Он не подписывал бумаг, обрекавших его коллег на гибель, и потому мог ждать репрессий, но он не боялся. Говорят, Сталин сказал: «Этого небожителя не трогайте». Борис много сделал для грузинской поэзии, может быть, это импонировало Сталину.
Когда они раскрутили дело с «Доктором Живаго», Бориса пригласили к Хрущеву, но принял его Поликарпов из отдела культуры. Этот бедняга не знал, куда деваться, сидел и судорожно потирал потные руки. «Почему они не играют в открытую? — недоумевал Пастернак. — Я был готов начистоту поговорить с Хрущевым».
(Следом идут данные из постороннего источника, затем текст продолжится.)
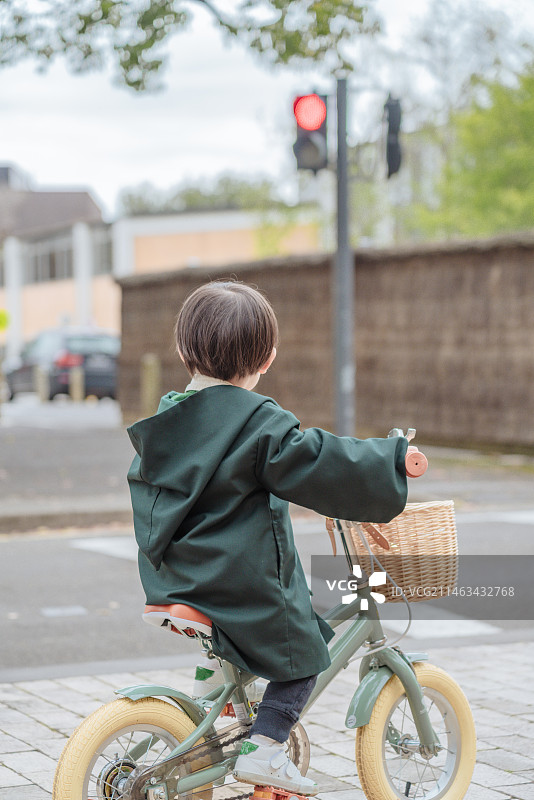社区道路红绿灯处等候的骑车男孩图片素材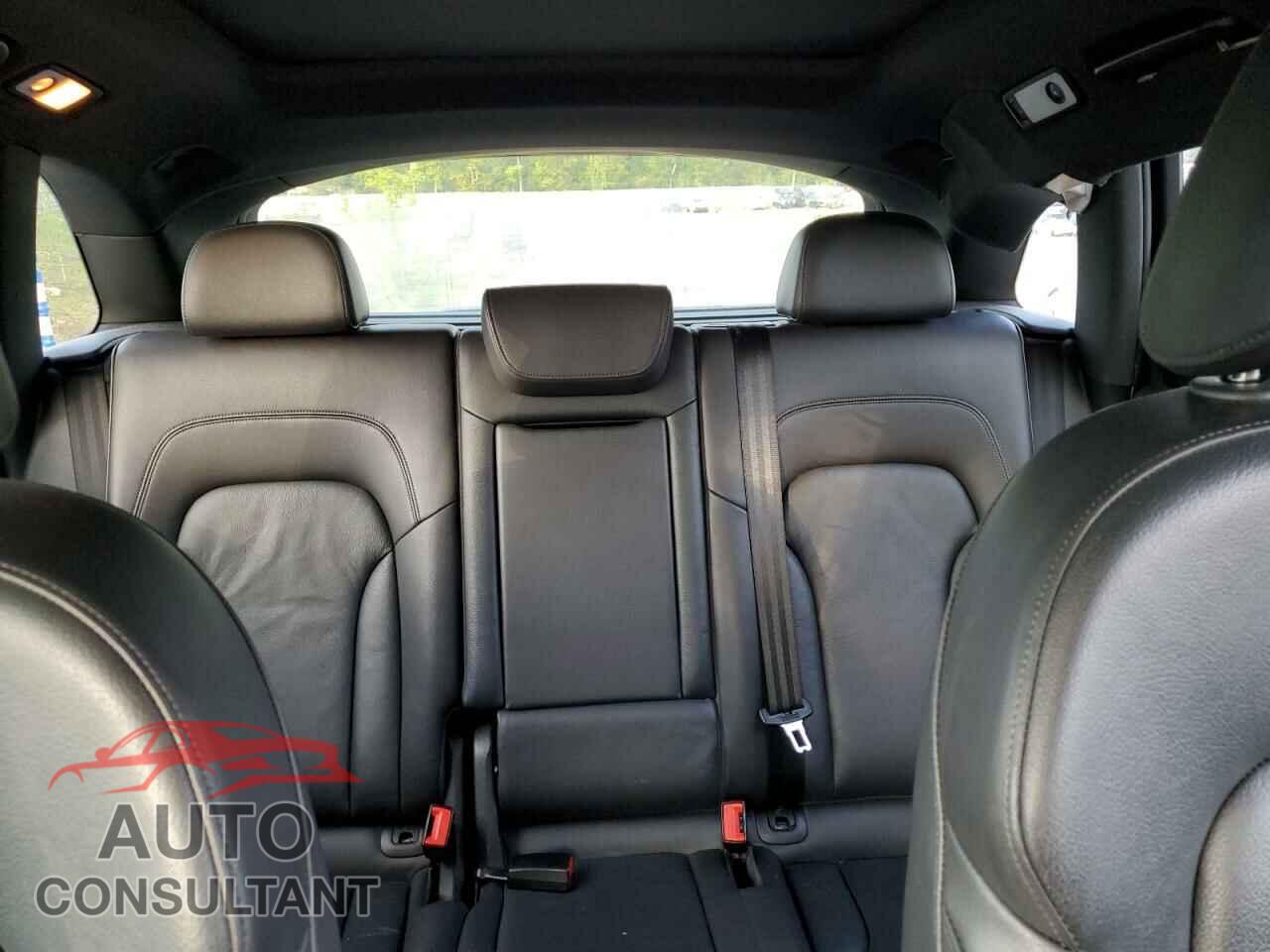 AUDI Q5 2017 - WA1M2AFP2HA072226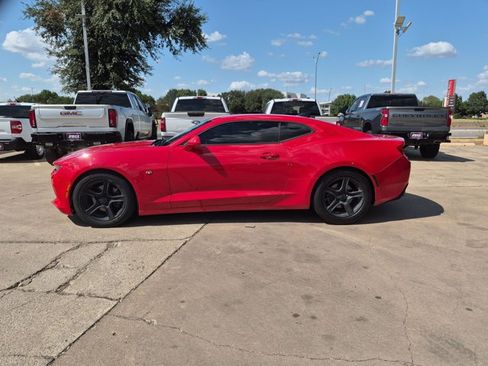 Used 2018 Chevrolet Camaro LT RWD image 8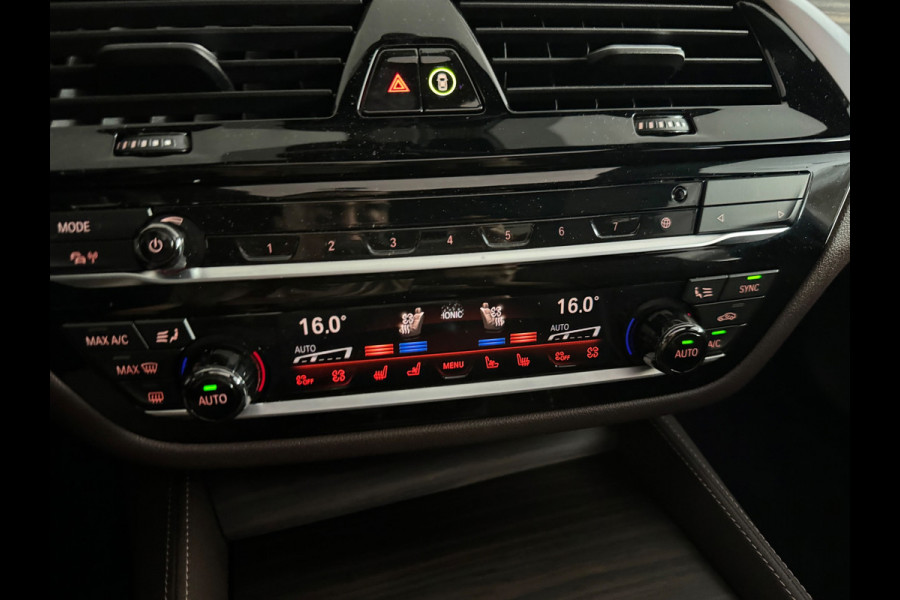 BMW 5 Serie 545e xDrive Pano|HuD|Drive Assist|Stoelventilatie|Sfeer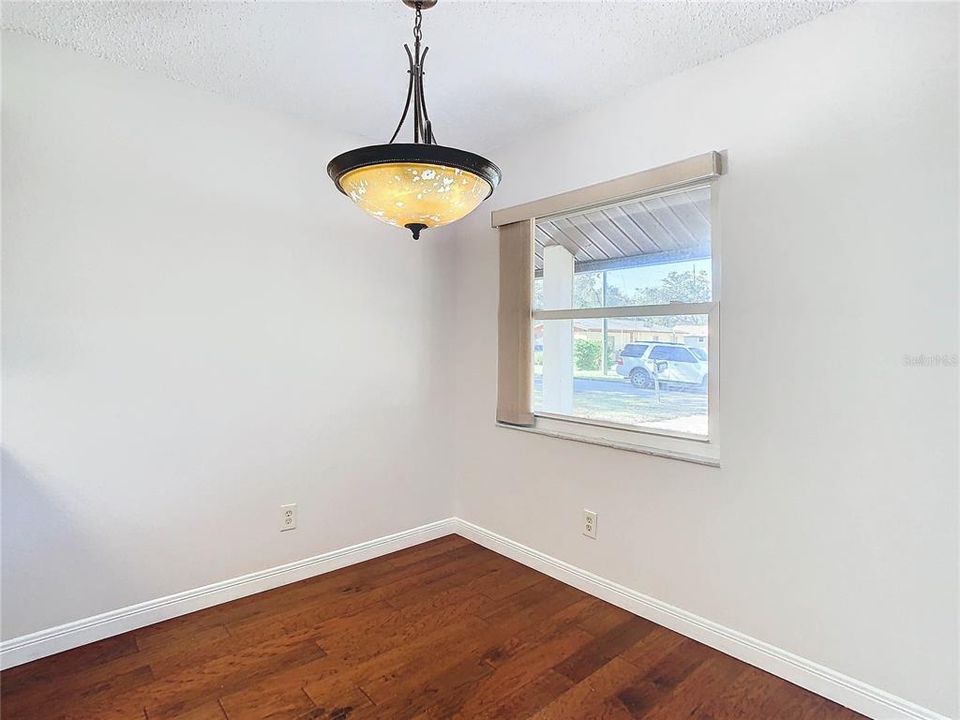 For Sale: $314,900 (2 beds, 2 baths, 926 Square Feet)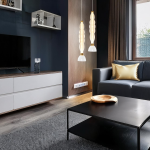 Lampa wisząca LED Lucco 18W w kolorze złotym i bursztynowym, z charakterystycznym, falistym kloszem i białą podstawą. Zawieszona w nowoczesnym wnętrzu, nad czarnym stołem, obok szarej kanapy z złotą poduszką.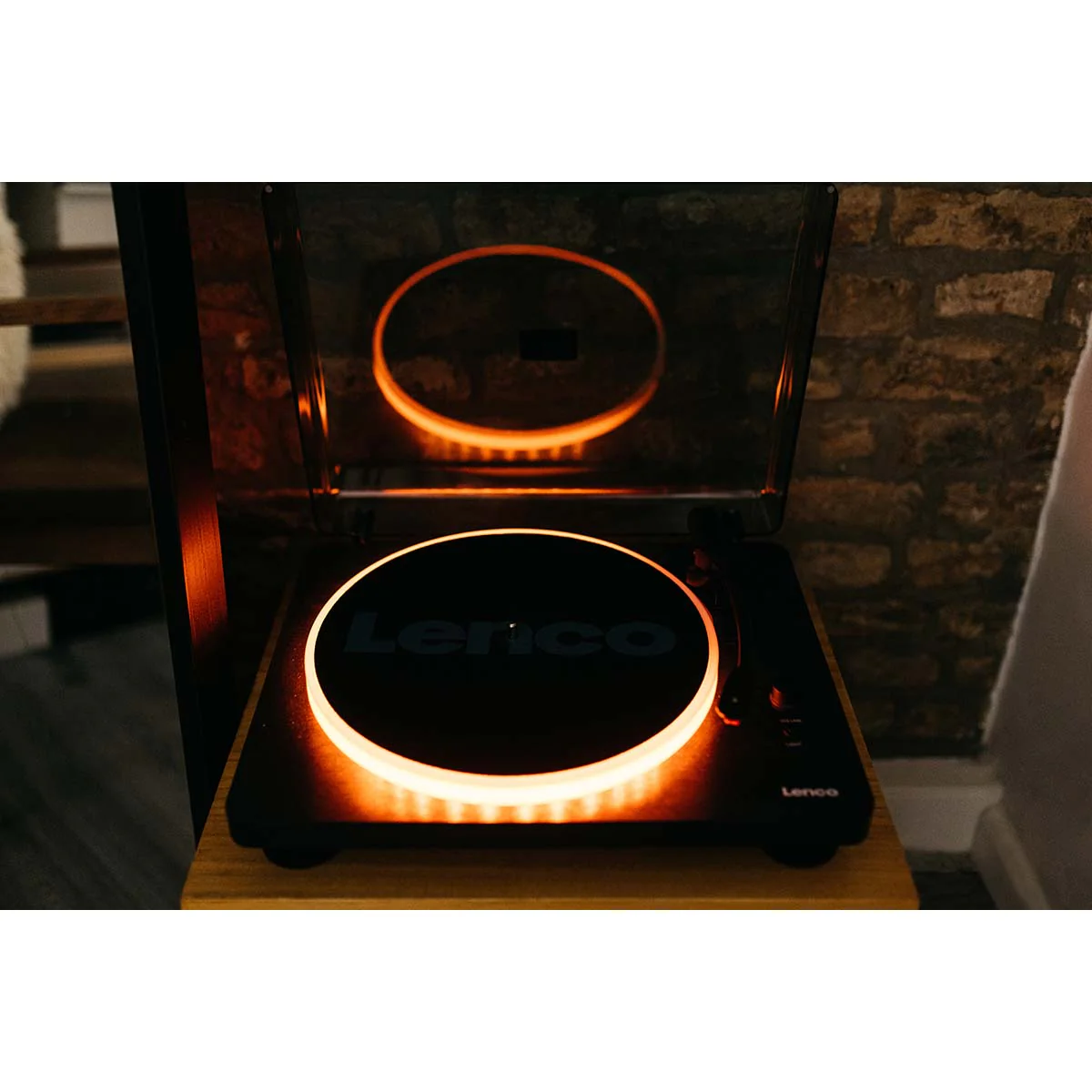 Lenco LS-50LEDBK - Platine vinyle avec haut-parleurs intégrés et éclairage LED - Noir - Image 11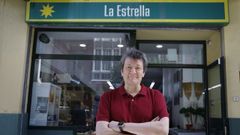 Manuel Rodríguez, delante de su local.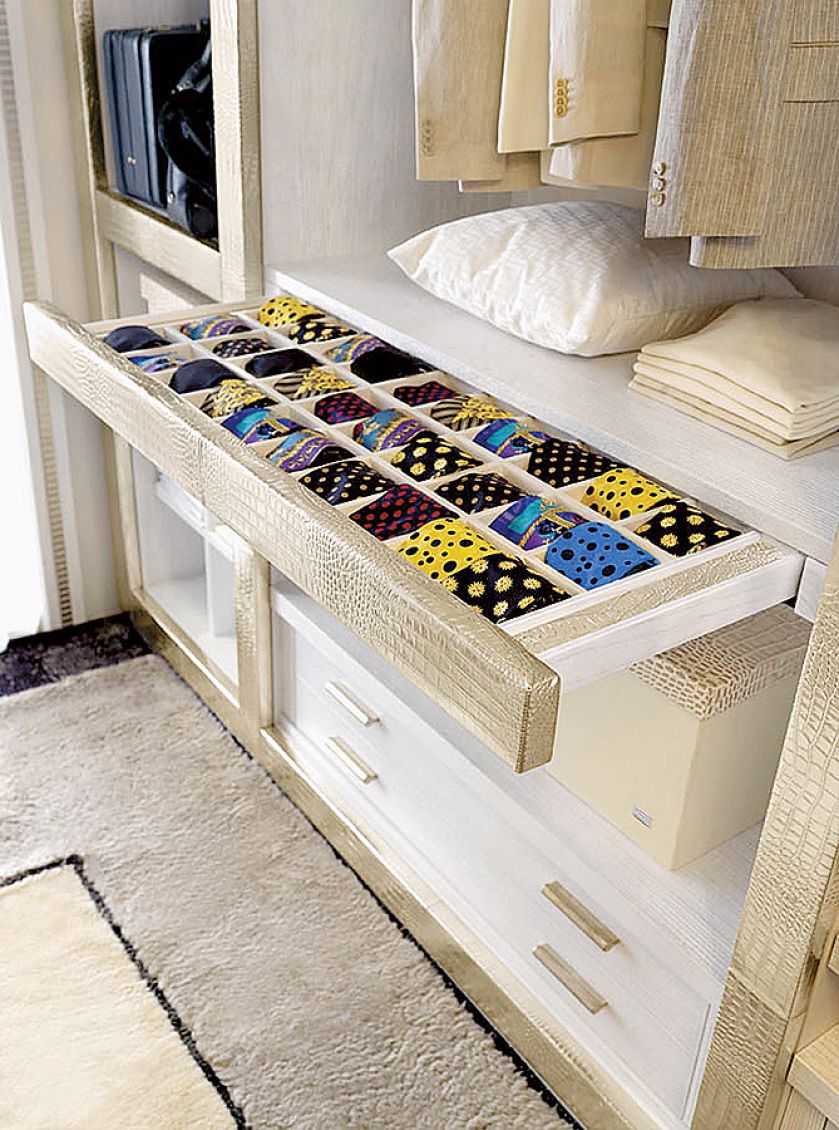 Szuflada na krawaty w garderobie Atlantique, fronty wyłożone miękką złocistą skórą, FLORENCE COLLECTION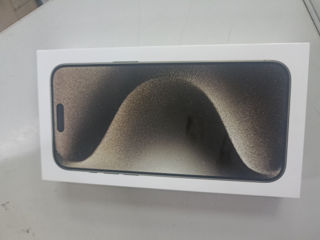 New iPhone 15 pro max Natural Titanium 512 Gb foto 4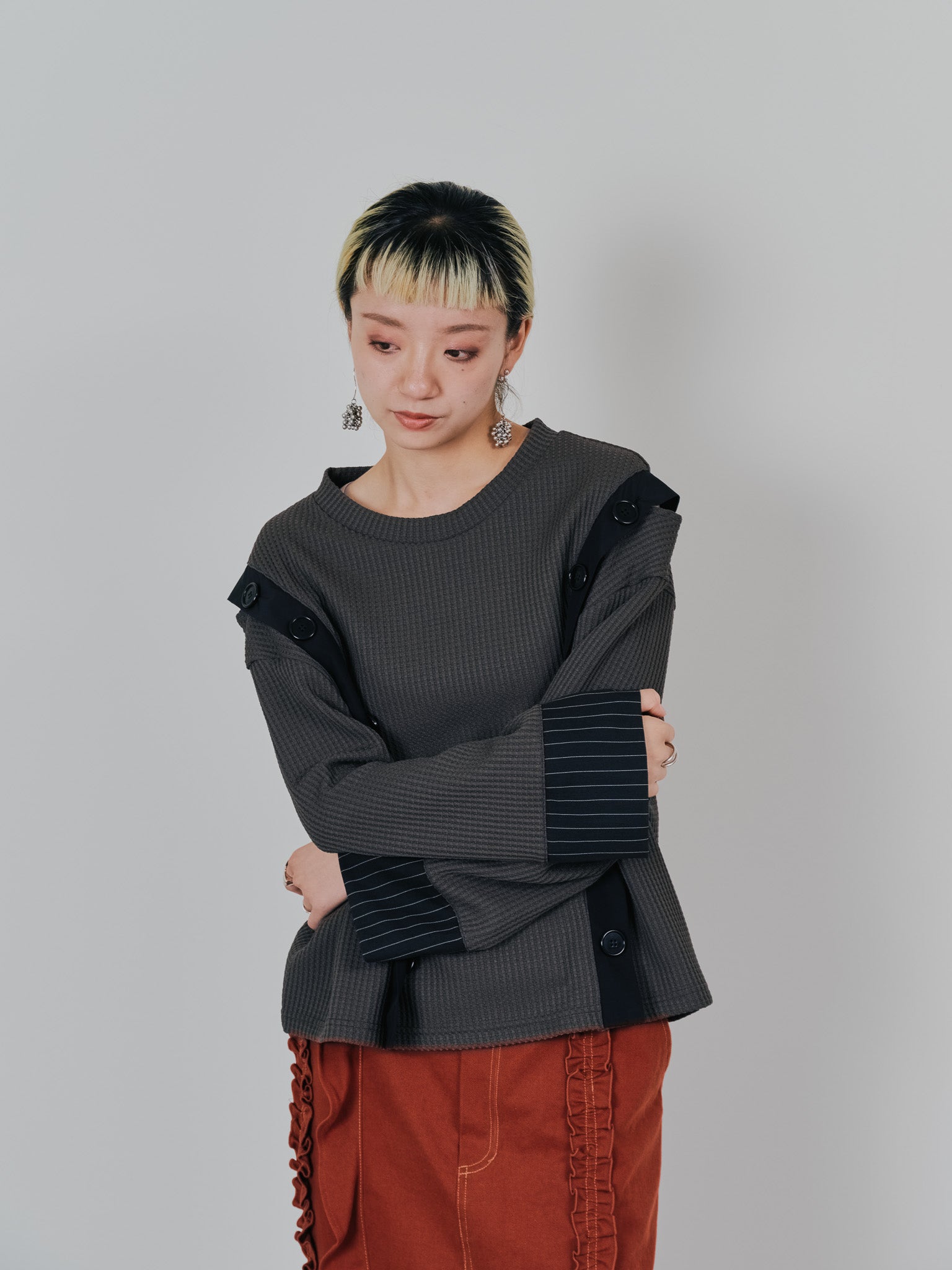ショルダーオープンワッフルニットライクトップス [601354] charcoal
Бориса обвиняли в антипартийности, в нападках на революцию, которую он, вероятно, должен был изобразить в виде торта с кремом. Даже благожелательно настроенные пожимали плечами: «Конечно, он большой художник, но с нами ему не по пути». Маяковский называл его «гениальным лириком».
Борис Леонидович ненавидел всякую официально торжествующую религию, но в том, что касается «Живаго» (кстати, это имя какого-то фабриканта, прочитал он его на медной табличке), готов был пойти на уступки при выработке окончательной редакции романа.
Он даже и не думал о Нобелевской премии, то есть был уверен, что ее присудят Альберто Моравиа. Однажды его уже выдвигали, но предпочтение было отдано Хемингуэю. Однако 23 октября 1958 года Шведская Королевская академия наук опровергла его всегдашнее недоверие: на этот раз высшая награда «за выдающийся вклад в современную поэзию и продолжение великой традиции русской прозы» досталась ему.